**Work task**
Beginning with the line that holds "this 845×633 image.", retype the rest of the listing exactly, last line included.

**Material for this task**
■ ■ ■ ■ ■

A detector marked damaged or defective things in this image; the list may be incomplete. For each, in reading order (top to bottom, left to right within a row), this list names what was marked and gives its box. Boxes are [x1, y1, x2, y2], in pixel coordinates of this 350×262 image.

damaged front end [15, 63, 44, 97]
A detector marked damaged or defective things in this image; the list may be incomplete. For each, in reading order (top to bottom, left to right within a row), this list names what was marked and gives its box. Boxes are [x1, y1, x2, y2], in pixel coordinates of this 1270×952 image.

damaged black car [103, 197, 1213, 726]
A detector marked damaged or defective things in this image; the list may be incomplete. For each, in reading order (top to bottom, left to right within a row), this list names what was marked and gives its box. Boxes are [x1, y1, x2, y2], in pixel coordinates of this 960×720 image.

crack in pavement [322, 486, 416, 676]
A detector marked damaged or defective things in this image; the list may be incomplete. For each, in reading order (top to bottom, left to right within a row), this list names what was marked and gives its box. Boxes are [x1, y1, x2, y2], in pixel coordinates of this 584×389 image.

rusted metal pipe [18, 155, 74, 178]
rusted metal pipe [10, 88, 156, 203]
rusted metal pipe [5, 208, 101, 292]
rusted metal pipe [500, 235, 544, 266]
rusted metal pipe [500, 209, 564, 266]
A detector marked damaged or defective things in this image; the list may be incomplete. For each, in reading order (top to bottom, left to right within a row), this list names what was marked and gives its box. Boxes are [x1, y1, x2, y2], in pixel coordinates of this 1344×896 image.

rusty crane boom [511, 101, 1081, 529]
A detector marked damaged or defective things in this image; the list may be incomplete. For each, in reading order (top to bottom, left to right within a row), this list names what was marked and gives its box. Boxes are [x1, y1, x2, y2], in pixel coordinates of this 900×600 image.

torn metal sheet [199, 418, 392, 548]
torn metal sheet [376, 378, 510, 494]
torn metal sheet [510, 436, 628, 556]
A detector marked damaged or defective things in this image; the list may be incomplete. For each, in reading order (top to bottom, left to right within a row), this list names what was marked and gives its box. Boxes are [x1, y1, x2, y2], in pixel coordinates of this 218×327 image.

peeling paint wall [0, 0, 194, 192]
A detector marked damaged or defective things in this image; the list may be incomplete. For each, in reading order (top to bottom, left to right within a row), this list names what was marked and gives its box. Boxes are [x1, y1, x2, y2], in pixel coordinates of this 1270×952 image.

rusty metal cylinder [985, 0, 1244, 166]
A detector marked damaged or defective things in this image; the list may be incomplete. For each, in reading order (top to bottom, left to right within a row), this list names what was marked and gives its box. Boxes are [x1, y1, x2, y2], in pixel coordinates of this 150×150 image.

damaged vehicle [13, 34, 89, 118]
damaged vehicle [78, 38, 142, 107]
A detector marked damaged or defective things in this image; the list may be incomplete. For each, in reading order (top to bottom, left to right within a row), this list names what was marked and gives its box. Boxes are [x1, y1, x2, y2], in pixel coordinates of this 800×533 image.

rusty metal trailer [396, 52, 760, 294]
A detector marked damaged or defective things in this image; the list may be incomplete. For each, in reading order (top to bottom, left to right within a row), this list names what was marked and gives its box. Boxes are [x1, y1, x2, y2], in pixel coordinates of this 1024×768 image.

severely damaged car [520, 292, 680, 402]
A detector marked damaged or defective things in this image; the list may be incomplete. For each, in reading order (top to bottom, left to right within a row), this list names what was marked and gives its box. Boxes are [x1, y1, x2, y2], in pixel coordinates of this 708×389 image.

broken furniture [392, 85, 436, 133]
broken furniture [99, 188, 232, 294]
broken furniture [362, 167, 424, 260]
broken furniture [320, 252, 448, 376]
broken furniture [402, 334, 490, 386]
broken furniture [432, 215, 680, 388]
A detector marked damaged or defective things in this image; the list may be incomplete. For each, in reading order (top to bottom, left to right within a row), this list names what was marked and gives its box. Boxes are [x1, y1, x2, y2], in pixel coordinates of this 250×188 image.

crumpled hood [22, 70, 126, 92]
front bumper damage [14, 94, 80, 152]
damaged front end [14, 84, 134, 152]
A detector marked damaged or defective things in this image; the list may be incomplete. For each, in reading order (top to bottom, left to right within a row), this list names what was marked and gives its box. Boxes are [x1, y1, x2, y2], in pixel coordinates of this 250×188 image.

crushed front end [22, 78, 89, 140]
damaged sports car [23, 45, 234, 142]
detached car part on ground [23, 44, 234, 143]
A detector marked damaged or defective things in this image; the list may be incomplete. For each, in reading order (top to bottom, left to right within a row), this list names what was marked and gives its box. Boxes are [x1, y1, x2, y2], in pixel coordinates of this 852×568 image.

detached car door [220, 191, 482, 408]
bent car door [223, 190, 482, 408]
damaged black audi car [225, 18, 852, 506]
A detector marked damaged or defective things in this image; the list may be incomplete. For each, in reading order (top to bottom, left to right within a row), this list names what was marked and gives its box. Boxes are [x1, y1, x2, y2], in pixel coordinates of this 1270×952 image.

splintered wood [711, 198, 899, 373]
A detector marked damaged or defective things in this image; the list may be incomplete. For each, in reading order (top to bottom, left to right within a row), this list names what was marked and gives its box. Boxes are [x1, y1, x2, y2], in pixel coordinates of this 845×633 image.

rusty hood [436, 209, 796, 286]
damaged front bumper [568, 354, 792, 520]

■ ■ ■ ■ ■

**Task result**
A detector marked damaged or defective things in this image; the list may be incomplete. For each, in reading order (top to bottom, left to right within a row), this list names what was marked and gives its box. Boxes are [x1, y1, x2, y2], in pixel coordinates of this 845×633 image.

rusty hood [436, 209, 796, 286]
damaged front bumper [568, 354, 792, 520]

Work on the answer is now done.